There are many popular NoSQL frameworks, including MongoDB, OrientDB, InfinityDB, Aerospike, and CosmosDB. MongoDB is one specific NoSQL framework which stores data in the form of documents, acting as a document-oriented database.
MongoDB is popular because of its versatility and easy cloud integration, and able to be used for a wide variety of tasks. MongoDB stores data using the JSON format. Queries of MongoDB databases are also made in the JSON format, and because both the storage and retrieval commands are based on the JSON format, it is simple to remember and compose commands for MongoDB.
What are APIs?
APIs are Application Programming Interfaces, and their function is to make communications between clients and servers easier. APIs are often created to facilitate the collection of information by those who are less experienced with the language used by the application's developers.
APIs can also be helpful methods of controlling the flow of information from a server, encouraging those interested in accessing its information to use official channels to do so, rather than construct a web scraper. The most common APIs for websites are REST (Representational State Transfer) APIs, which make use of standard HTTP requests and responses to send, receive, delete, and modify data. We'll be accessing a REST API and making our requests in HTTP format for this tutorial.
What API will we be Using?
The API we'll be using is GameSpot's API. GameSpot is one of the biggest video game review sites on the web, and its API can be reached here.
Getting Set Up
Before we begin, you should be sure to get yourself an API key for GameSpot. You should also be sure to have MongoDB and its Python library installed. The installation instructions for Mongo can be found here.
The PyMongo library can be installed simply by running:
$ pip install pymongo
You may also wish to install the MongoDB Compass program, which lets you easily visualize and edit aspect of MongoDB databases with a GUI.
Creating the MongoDB Database
We can now start our project by creating the MongoDB database. First, we'll handle our imports. We'll import the MongoClient
from PyMongo, as well as requests
and pandas
:
from pymongo import MongoClient
import requests
import pandas as pd
When creating a database with MongoDB, we first need to connect to the client and then use the client to create the database we desire:
client = MongoClient('127.0.0.1', 27017)
db_name = 'gamespot_reviews'
# connect to the database
db = client[db_name]
MongoDB can store multiple data collections within a single database, so we also need to define the name of the collection we want to use:
# open the specific collection
reviews = db.reviews
That's it. Our database and collection has been created and we are ready to start inserting data into it. That was pretty simple, wasn't it?
Using the API
We're now ready to make use of the GameSpot API to collect data. By taking a look at the documentation for the API here, we can determine the format that our requests need to be in.

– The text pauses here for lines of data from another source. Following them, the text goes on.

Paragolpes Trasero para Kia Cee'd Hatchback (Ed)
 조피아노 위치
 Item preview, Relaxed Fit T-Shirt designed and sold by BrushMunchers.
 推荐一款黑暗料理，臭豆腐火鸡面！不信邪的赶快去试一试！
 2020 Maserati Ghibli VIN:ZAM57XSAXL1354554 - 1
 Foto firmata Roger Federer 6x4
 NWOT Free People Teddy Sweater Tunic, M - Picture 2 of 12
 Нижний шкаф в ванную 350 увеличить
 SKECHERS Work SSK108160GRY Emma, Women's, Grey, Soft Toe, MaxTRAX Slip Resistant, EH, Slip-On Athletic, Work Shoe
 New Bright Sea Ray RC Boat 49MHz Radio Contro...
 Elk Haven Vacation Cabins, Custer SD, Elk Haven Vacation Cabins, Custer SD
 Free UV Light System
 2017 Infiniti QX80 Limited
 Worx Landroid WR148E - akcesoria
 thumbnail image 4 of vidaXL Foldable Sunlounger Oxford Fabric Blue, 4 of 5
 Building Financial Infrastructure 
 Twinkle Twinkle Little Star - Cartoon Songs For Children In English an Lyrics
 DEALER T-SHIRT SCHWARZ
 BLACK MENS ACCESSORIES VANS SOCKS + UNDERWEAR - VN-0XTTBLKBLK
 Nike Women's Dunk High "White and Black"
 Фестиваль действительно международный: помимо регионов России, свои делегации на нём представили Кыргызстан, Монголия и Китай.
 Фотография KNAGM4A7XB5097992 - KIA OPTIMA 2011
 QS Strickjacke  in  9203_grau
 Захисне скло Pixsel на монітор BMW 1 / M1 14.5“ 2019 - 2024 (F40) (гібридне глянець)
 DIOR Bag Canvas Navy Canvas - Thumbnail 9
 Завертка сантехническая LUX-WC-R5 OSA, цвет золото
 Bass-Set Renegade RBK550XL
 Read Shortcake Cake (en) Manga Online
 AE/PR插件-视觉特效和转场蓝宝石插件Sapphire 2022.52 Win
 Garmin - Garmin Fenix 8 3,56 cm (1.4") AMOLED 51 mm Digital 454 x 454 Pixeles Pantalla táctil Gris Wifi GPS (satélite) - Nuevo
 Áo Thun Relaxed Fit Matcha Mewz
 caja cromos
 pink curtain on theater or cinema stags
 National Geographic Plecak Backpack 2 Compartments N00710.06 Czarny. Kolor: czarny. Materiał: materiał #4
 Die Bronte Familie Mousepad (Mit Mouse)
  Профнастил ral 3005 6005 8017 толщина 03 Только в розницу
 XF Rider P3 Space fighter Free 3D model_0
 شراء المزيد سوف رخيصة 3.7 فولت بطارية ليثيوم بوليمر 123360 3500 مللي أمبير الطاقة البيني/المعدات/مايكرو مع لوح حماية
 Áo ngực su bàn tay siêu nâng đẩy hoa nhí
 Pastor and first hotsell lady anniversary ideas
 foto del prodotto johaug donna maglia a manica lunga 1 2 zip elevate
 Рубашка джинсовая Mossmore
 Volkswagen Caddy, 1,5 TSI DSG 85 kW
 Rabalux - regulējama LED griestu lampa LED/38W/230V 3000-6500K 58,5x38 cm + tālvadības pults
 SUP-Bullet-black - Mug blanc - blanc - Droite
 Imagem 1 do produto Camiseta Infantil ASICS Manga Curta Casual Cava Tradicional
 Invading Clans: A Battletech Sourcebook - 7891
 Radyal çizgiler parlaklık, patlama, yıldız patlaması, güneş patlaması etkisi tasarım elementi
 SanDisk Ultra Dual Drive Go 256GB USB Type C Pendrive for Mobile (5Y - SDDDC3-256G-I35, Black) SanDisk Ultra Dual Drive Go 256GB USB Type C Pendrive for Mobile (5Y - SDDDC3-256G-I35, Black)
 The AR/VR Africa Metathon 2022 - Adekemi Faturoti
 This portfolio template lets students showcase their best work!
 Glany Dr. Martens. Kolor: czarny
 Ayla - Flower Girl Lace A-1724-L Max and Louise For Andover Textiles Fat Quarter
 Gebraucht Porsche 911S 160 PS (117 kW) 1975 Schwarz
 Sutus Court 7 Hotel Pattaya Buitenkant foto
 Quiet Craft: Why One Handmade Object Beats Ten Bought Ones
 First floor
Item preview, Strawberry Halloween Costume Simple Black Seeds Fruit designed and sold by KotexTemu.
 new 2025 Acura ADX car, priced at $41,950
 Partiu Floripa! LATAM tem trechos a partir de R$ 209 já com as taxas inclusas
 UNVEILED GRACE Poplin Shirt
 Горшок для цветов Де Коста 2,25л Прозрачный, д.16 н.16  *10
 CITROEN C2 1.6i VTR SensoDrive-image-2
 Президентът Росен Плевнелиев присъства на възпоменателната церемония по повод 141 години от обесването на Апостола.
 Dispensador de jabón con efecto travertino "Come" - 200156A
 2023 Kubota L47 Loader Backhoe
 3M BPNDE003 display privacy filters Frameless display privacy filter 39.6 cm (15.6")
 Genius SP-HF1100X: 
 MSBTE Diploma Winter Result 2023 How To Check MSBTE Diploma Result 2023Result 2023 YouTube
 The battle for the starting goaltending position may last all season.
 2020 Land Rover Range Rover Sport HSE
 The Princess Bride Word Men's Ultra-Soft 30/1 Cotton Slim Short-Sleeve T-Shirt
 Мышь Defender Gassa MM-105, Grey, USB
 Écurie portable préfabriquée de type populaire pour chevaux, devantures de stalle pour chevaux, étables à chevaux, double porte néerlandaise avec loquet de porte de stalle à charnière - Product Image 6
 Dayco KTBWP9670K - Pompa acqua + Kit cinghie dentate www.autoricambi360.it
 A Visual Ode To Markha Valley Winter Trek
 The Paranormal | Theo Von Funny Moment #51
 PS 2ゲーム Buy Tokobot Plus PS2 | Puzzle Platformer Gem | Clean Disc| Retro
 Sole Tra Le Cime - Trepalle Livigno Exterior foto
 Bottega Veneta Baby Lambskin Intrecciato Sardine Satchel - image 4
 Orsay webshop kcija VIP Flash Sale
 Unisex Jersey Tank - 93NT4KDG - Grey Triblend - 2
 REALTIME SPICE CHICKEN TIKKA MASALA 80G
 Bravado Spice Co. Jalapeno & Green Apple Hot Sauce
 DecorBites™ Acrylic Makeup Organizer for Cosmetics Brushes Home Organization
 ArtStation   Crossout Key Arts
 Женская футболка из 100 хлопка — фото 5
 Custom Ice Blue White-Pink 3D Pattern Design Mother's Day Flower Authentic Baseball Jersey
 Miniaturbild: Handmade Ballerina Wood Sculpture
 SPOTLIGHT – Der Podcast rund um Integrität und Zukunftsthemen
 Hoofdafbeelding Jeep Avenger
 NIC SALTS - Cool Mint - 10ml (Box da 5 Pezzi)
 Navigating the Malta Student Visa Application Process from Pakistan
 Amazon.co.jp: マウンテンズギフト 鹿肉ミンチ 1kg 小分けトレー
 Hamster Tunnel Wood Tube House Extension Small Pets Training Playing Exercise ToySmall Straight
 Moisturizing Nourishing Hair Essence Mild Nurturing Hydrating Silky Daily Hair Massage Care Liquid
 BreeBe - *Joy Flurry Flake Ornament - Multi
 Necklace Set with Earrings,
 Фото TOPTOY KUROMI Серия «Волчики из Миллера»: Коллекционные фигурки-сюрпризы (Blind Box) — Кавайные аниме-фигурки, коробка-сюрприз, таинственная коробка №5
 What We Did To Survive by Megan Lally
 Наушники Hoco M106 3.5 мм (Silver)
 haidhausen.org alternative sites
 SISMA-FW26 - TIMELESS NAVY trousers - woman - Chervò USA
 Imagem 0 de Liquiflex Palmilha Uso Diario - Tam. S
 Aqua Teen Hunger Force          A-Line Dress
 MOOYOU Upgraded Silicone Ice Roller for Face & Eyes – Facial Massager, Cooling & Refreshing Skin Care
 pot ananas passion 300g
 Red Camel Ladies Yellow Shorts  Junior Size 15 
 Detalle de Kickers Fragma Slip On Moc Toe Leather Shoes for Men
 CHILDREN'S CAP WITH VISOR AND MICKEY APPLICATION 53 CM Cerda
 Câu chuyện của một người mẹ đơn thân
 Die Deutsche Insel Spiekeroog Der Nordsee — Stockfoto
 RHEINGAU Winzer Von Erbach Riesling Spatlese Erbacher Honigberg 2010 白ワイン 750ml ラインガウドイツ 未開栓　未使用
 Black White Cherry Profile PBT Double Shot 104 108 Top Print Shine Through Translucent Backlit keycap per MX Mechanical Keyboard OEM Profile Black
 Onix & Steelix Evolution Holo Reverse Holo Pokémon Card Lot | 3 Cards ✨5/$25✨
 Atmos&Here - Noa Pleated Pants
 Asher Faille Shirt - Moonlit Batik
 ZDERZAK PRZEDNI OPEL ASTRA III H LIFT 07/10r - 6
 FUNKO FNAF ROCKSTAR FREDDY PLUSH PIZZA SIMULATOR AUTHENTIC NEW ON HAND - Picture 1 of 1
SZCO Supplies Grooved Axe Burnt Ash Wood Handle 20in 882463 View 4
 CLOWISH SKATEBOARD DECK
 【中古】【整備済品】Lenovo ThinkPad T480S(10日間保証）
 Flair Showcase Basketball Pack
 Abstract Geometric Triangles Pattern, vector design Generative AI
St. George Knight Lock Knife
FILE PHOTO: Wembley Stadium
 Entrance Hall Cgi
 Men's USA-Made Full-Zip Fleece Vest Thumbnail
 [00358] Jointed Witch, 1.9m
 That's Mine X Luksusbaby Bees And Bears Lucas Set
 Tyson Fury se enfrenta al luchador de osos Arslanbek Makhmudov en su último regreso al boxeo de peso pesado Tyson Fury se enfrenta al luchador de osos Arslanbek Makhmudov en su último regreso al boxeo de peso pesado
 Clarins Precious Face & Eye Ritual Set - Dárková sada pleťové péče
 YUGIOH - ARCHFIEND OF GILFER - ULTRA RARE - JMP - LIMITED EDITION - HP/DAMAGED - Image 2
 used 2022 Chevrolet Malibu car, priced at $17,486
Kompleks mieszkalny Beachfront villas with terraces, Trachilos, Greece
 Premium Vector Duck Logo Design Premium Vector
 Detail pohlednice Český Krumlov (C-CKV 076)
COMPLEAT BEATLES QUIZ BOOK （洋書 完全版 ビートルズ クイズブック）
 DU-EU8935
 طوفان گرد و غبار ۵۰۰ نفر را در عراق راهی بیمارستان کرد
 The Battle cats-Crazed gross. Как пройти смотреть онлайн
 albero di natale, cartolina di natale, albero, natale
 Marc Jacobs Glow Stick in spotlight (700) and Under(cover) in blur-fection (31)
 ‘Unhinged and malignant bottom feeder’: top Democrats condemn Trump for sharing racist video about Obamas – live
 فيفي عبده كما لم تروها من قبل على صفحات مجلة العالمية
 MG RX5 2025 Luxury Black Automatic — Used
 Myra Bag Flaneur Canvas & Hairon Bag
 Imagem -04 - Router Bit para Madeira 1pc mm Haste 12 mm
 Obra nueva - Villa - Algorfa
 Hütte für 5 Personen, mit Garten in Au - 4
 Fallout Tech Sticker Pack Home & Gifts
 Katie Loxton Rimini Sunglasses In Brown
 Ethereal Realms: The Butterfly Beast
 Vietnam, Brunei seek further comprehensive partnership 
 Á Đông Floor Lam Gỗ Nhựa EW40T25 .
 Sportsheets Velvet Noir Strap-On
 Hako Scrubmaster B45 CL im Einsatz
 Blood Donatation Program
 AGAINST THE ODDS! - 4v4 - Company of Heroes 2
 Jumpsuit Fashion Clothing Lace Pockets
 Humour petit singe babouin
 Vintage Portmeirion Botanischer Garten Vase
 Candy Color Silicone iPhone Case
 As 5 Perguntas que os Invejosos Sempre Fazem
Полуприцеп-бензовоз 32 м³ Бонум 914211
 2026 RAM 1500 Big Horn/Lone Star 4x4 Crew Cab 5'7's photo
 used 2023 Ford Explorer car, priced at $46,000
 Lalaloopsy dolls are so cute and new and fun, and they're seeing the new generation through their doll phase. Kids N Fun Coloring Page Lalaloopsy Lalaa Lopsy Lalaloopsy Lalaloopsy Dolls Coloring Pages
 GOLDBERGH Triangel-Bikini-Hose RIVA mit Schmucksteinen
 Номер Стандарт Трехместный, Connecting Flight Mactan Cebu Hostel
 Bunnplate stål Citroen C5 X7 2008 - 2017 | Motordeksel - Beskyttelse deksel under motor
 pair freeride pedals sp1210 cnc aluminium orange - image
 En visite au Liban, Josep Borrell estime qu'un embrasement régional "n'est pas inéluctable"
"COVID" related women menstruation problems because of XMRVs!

We need to make our requests to a base URL that contains our API key. GameSpot's API has multiple resources of its own that we can pull data from. For instance, they have a resource that lists data about games like release date and consoles.
However, we're interested in their resource for game reviews, and we'll be pulling a few specific fields from the API resource. Also, GameSpot asks that you specify a unique user agent identifier when making requests, which we'll do by creating a header that we'll pass in to the requests
function:
headers = {
"user_agent": "[YOUR IDENTIFIER] API Access"
}
games_base = "http://www.gamespot.com/api/reviews/?api_key=[YOUR API KEY HERE]&format=json"
We'll want the following data fields: id
, title
, score
, deck
, body
, good
, bad
:
review_fields = "id,title,score,deck,body,good,bad"
GameSpot only allows the return of 100 results at a time. For this reason, in order to get a decent number of reviews to analyze, we'll need to create a range of numbers and loop through them, retrieving 100 results at a time.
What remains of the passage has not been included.